Lockington's Everyday Fiji ... Life Goes On

♦ Dream come true for Beqa and Yanuca Islanders 
♦ Graham Davis interviews Fiji's leaders in May 2006: "Fiji - Democracy by the Gun" 
♦  Croz Walsh asks questions about the American mid-term elections, democracy and lessons for Fiji. 
♦ And the long posting on Friday, with all its comments

Allen Lockington is a self-employed customs agent and business consultant who has regular articles published in Fiji. I thank Allen for permission to reprint some of them in this political blog. They remind us that life goes on, whatever the political situation. And it's good to know that.

Missing  Link

 When I saw the Fiji Times headline “Missing link”, I thought we had found our ancestral missing link. Then I read more and found something more profound. We'd lost our original copy of the Deed of Cession. How on earth could we have lost a document that is such an important part of our heritage and history?

It's probably a sign of how so many people in Fiji keep records? Just go down to the Registers office and you will see hundreds of people who gather there every God-given day to get birth and marriage certificates. No wonder the people at that government office don’t smile. They are busy from the morning to knock off time. And no wonder they don’t open at 8am and close at 4pm.

We need to learn that keeping records — all records — is important. Fortunately, the Fiji Times over the years has recorded in writing and photographs most of the important news about Fiji. I can go back to before my time and read and also see what happened. Such are the Fiji Times records. I take my hat off to them.

Perhaps if we were to browse through old copies — as I have been privileged to do —  we may find who last had the Cession document. If we don’t find it immediately, somewhere in those very important copies of the Fiji Times we will get a good lead.   And as you're searching,  you’ll be surprised with what you will find during your walk through our history in the pages of the Fiji Times. Mr Mahendra Motibhai, Fiji without the Fiji Times would be unthinkable. Thank you for keeping it going.

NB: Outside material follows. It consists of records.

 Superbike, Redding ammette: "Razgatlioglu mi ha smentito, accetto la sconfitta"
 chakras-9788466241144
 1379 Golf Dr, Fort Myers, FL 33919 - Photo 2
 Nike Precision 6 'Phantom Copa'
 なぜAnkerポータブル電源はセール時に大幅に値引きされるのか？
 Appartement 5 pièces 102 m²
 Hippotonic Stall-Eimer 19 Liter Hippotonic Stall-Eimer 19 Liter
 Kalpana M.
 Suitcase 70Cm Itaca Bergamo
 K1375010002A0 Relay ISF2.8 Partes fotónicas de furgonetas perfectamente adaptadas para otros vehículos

good coups - bad coups said…
As a selective coup supporter do you have any suggestions/criteria to decisions on which coups are good and which coups are bad. Given that coups in Fiji ane endemic (and will obviously continue unless professional leadership ever returns to Fiji military)- it could be usefull for people to know whether to support military juntas or not?
Croz Walsh said…
@ good coups - bad coups ... If a coup occurred in a basically just society where change could be brought about by normal democratic processes, I would deem it unnecessary for the public good, and therefore bad. The 1987 and 2000 coups fit into this category. The changes Qarase was seeking to introduce were not for the public good, though there is little doubt the would have benefited some. There was no way "normal democratic" processes could have prevented these changes. The 2006 Coup differed from the earlier coups, and the changes Bainimarama is seeking to introduce differ from those Qarase sought. For all its errors and shortcomings (some made worse because of international actions), I think most changes and intended changes are in the interests of the people of Fiji -- and therefore, according to your dichotomy, "good." This is why we should be working together to help keep Bainimarama on track and on his toes.
Good coups and bad coups said…
When Jesus Himself gets inside the military commander's office and asks him to stage a coup, this is a bad coup for sure.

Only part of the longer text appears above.